There are a zoo of sector classification code systems out there. Some are granular, some are not. Since we currently cover a particular portion of the supply chain (i.e. production), it is important we try to only match the ALD with companies that are actually active in this portion of the supply chain.

An issue arises when, for example, a company is classified in the “power transmission” sector. In a perfect world, these companies would produce no electricity, and we would not try to match them. In practice, however, we find there is often overlap. For this reason, we introduced the borderline flag.

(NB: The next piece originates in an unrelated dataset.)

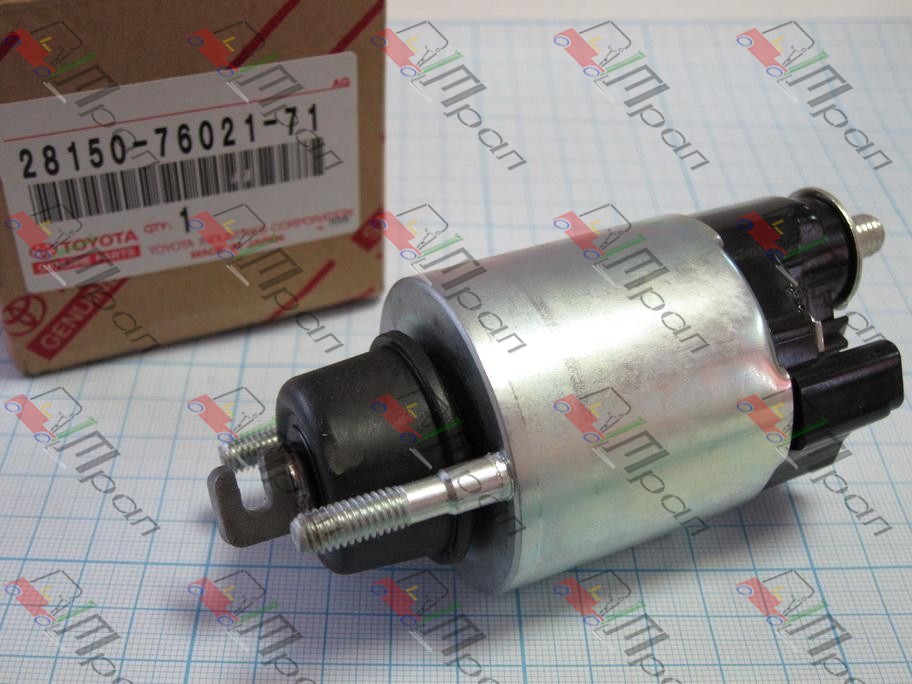 TOYOTA 28150-76012-71 Реле втягивающее Toyota 4Р, 5K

In the example below, we see two classification codes coming from the SIC classification standard:

r2dii.data::sic_classification %>%
filter(code %in% c(41111, 36200))
#> # A tibble: 2 × 4
#>   code  description                                            sector borderline
#>   <chr> <chr>                                                  <chr>  <lgl>
#> 1 36200 manufacture of electricity distribution and control a… power  TRUE
#> 2 41111 generation                                             power  FALSE

Notice that the code 41111 corresponds to power generation. This is an identical match to 2DII’s power sector, and thus the borderline flag is set to FALSE. In contrast, code 36200 corresponds to the manufacture of electricity distribution and control apparatus. In a perfect world, we would set this code to not in scope, however there is still a chance that these companies produce electricity. For this reason, we have mapped it to power with borderline = TRUE.

In practice, if a company has a borderline of TRUE and is matched, then consider the company in scope. If it has a borderline of TRUE and isn’t matched, then consider it out of scope.